(Available records Opens)

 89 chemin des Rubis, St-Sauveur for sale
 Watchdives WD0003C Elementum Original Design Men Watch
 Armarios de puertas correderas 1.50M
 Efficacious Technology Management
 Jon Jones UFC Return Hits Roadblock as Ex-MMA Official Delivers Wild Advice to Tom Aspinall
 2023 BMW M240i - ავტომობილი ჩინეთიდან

(Available records Closes)
(Available records Opens)

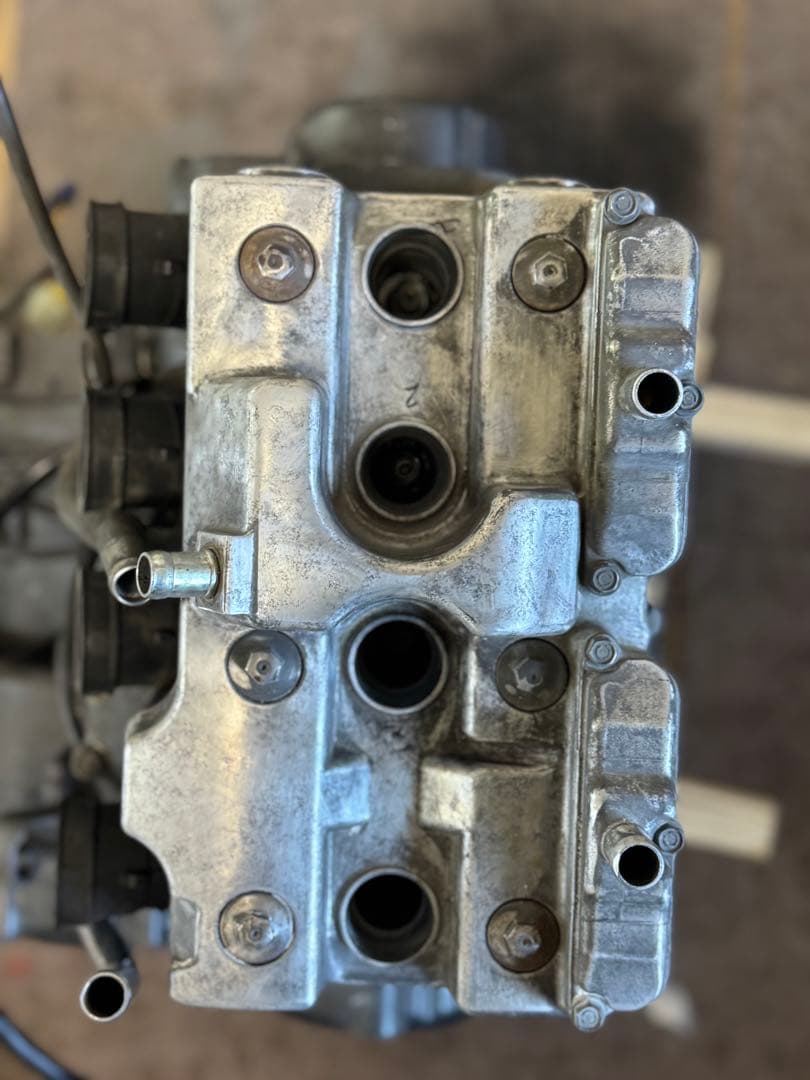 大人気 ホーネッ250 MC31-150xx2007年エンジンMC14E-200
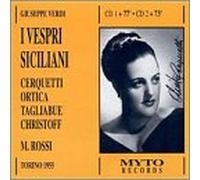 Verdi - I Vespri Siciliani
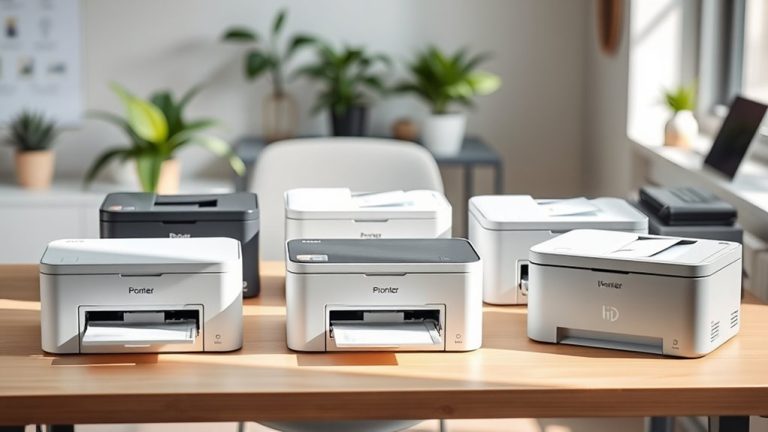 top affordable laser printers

(Available records Closes)
(Available records Opens)

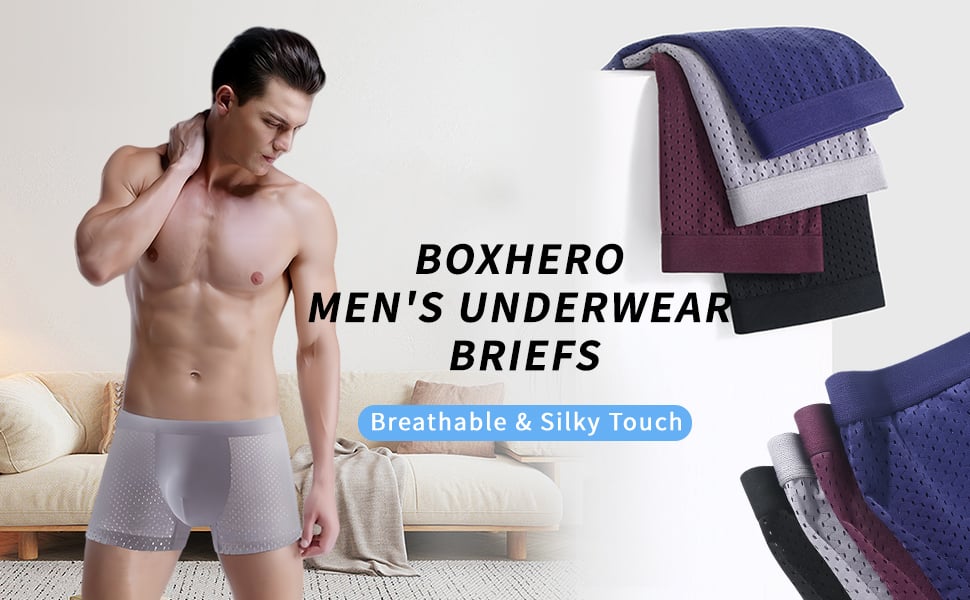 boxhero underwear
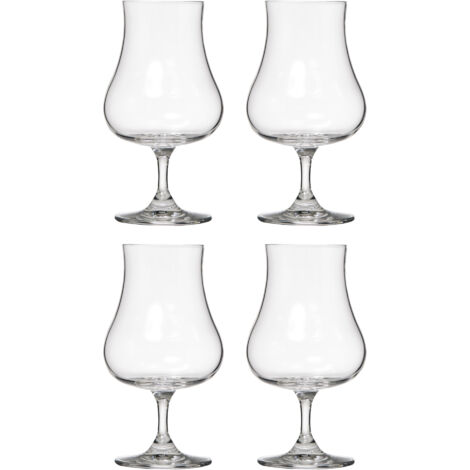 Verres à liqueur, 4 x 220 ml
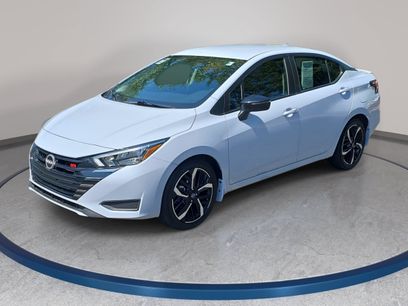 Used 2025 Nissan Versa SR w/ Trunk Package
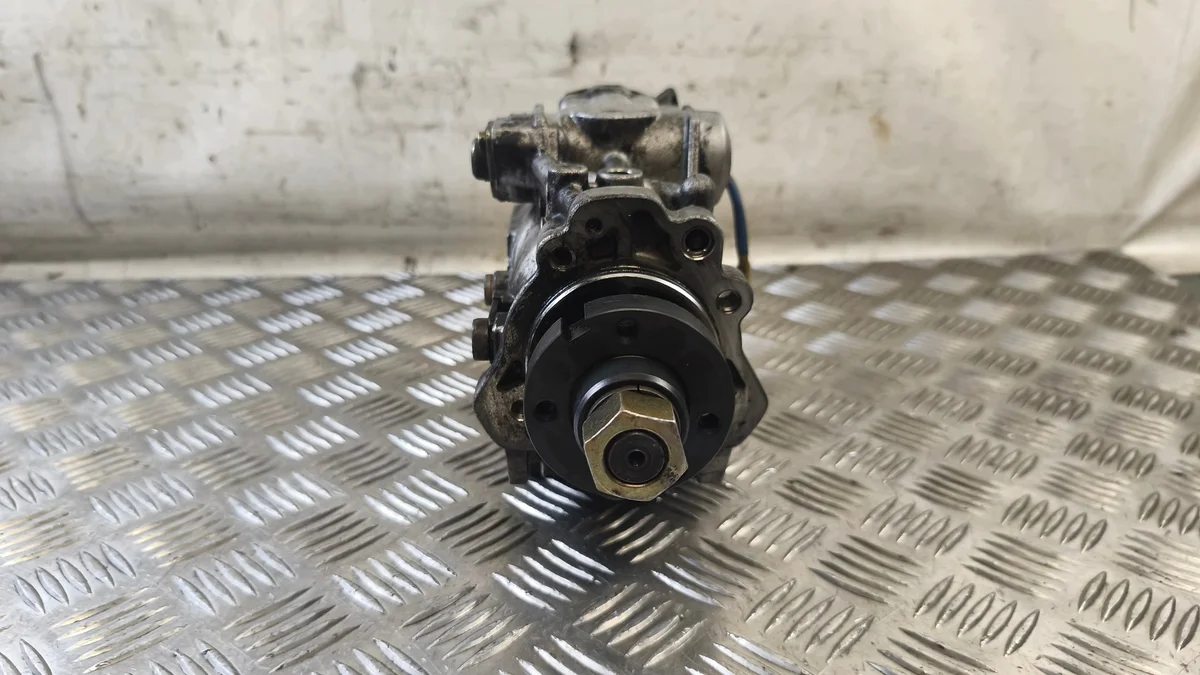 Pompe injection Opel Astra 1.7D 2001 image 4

(Available records Closes)

» **Problem statement**
Transcribe only the lines above that start at the line containing "大人気 ホーネッ250 MC31-150xx2007年エンジンMC14E-200" and end at the line containing "top affordable laser printers". Omit pictures.

» **Answer below**
 大人気 ホーネッ250 MC31-150xx2007年エンジンMC14E-200
 Verdi - I Vespri Siciliani
 top affordable laser printers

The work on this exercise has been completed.